* _YOUR TASK_
Below is a listing with pictures. Repeat exactly the lines starting at the one holding "Dried peach slices." and going on through the one holding "ビールと枝豆とおかずを持って微笑む男女3人のアルバイトスタッフ", and leave every picture out.

* _DATASET CONTENT_
────────────────

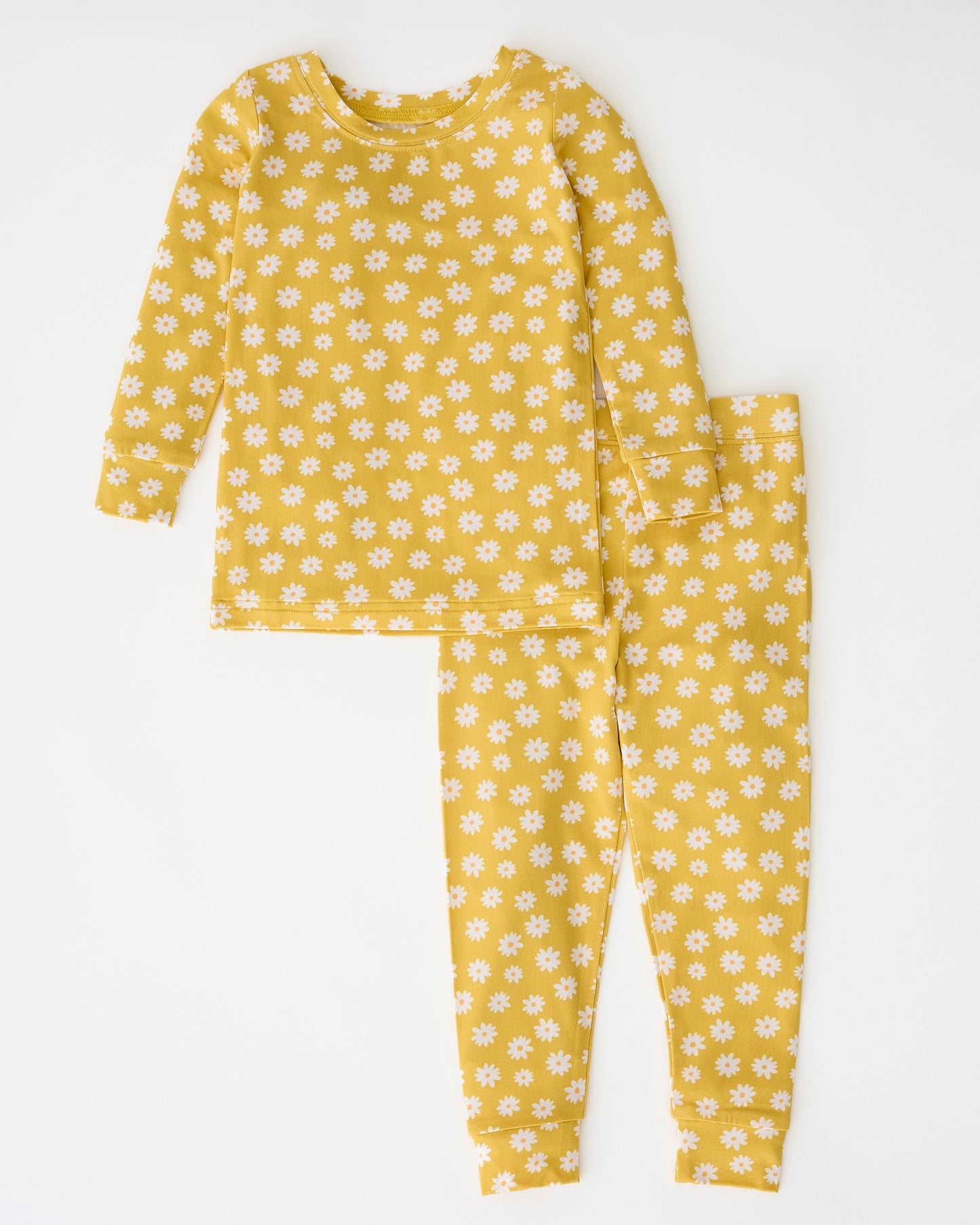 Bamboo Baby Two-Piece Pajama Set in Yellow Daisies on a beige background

────────────────

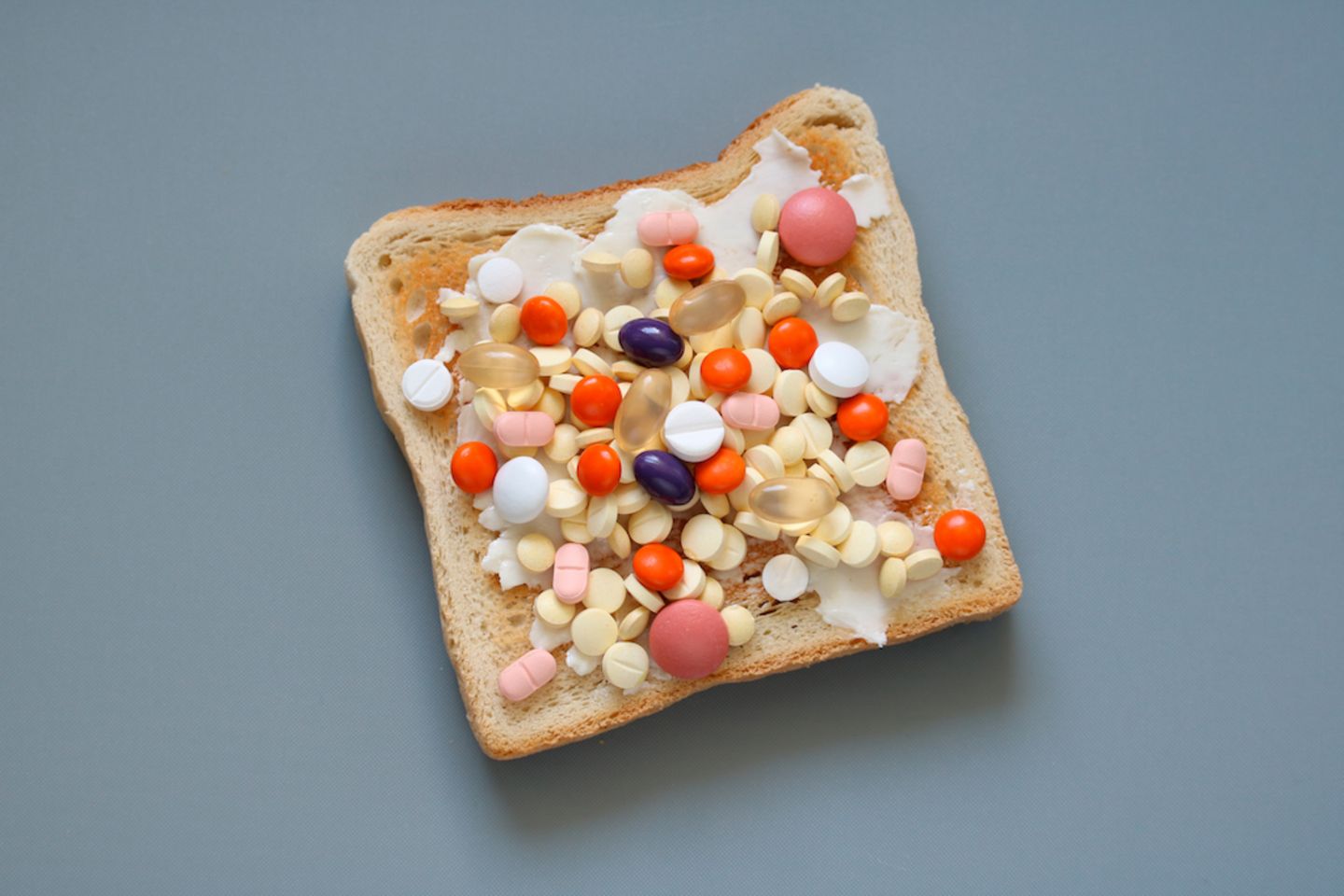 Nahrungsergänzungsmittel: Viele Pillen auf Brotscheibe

────────────────

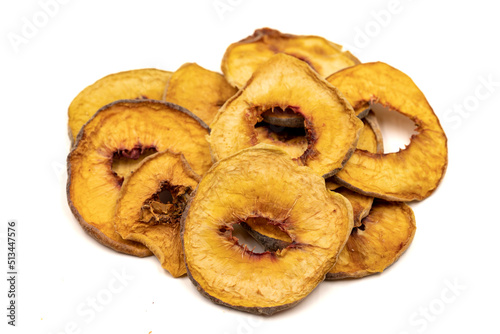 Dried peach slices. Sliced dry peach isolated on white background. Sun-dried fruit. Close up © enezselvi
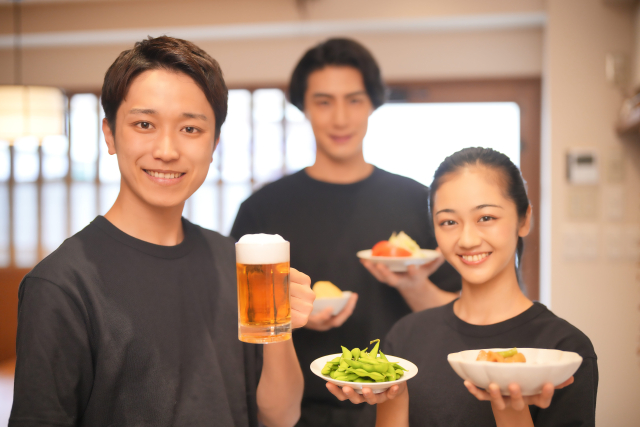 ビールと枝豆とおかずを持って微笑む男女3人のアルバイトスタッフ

────────────────

* _ANSWER TO THE EXERCISE_
 Dried peach slices. Sliced dry peach isolated on white background. Sun-dried fruit. Close up © enezselvi
 ビールと枝豆とおかずを持って微笑む男女3人のアルバイトスタッフ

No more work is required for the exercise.